His mother introduced him to the piano, but he switched to the violin after seeing the film The Magic Bow, about the life of Paganini. He studied at the Municipal School of Music, and during school holidays played with the house band at Butlin’s holiday camp in Mosney, Co Meath.

He subsequently played with the Gaiety theatre orchestra, and later joined musical director Seán Ó Riada at the Abbey. Up to then he had no interest whatsoever in a career in Irish music; he preferred classical music, and his ambition was to perform as a soloist at Carnegie Hall.

But Ó Riada, classically trained and a former jazz musician, persuaded Fay of the possibilities of traditional music and recruited him into the “folk orchestra” Ceoltóirí Chualann. The ensemble enjoyed success with two series broadcast by Raidió Éireann, Fleadh Cheoil an Raidió and Reachaireacht an Riadaigh, and later provided the soundtrack for the film version of The Playboy of the Western World. Albums for Gael Linn followed, the best known of which is Ó Riada sa Gaiety, the group’s farewell concert recorded in 1969. In the meantime, in 1963, Garech de Brún invited Paddy Moloney to form a group to record a one-off album for his company Claddagh Records.

Poet John Montague, then a director of Claddagh, suggested the collective title Chieftains. It was the first of more than 30 albums that Fay recorded with the band.

After a year off from the Chieftains he was back for an Edinburgh Festival appearance in 1968 that helped launch the band on the world stage. In 1974 their music for the Oscar-winning score of Stanley Kubrick’s film Barry Lyndon, on which his playing featured prominently, brought further international recognition.

Consequently impresario Jo Lustig booked the band into the Royal Albert Hall for a St Patrick’s Day concert in 1975. It sold out and Lustig convinced the Chieftains to turn professional.

Fay quit his job as purchasing officer at Unidare in Finglas to devote himself fully to music.

The Chieftains toured all over the world, recorded, made radio and TV broadcasts, and featured in films, ballet and theatre productions. Having conquered China in the 1980s, the band began an association with Galician piper Carlos Núnez in the 1990s.

There followed ventures into other fields – rock, country, jazz and orchestral – leading to albums with James Galway (In Ireland, 1987), Van Morrison (Irish Heartbeat, 1988) and Ry Cooder (The Long Black Veil, 1995) as well as collaborations with Mick Jagger, Sinéad O’Connor, Sting and others.

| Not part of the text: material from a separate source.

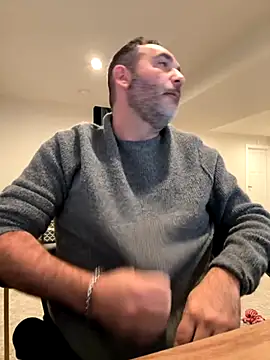 Snapshot of harrychest chatting on 10-29-25, 03:47 harrychest online show from 10-29-25, 03:47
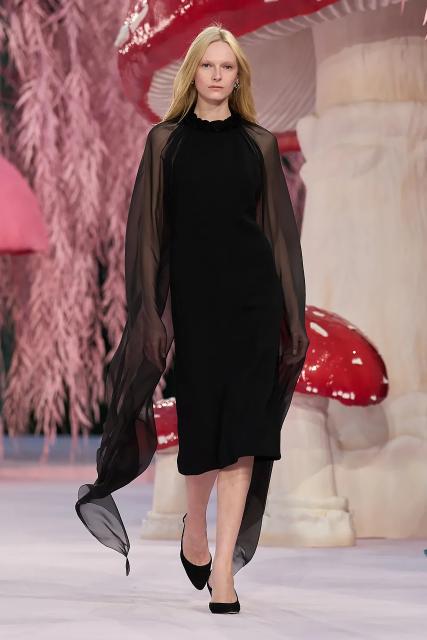 (260127) -- PARIS, Jan. 27, 2026 (Xinhua) -- A model presents a creation by Matthieu Blazy for Chanel during Paris Haute Couture Week Spring/Summer 2026 in Paris, France, Jan. 27, 2026. (MeetEurope/Handout via Xinhua)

But the Chieftains always maintained a strong core repertoire dating from their early days, which emphasised Irish traditional music and reflected the individual preferences of the band’s members.

Fay said that as far as ” superstar collaborations” were concerned, he could take them or leave them. “I think audiences should come to a Chieftains show expecting to see the Chieftains and if there is something thrown in, well and good.”

Known for his Dublin wit, he was good company on tour. Reflecting on his career, he said that he had enjoyed a great life with the Chieftains and loved the music they made, or “most of it, anyway”.

He was particularly happy to have become a professional musician – and to have played Carnegie Hall.

He stopped touring in 2001, and last played with the Chieftains in 2002.

He is survived by his wife Gráinne (Gertie) McCormack, son Fergal and daughter Dervla.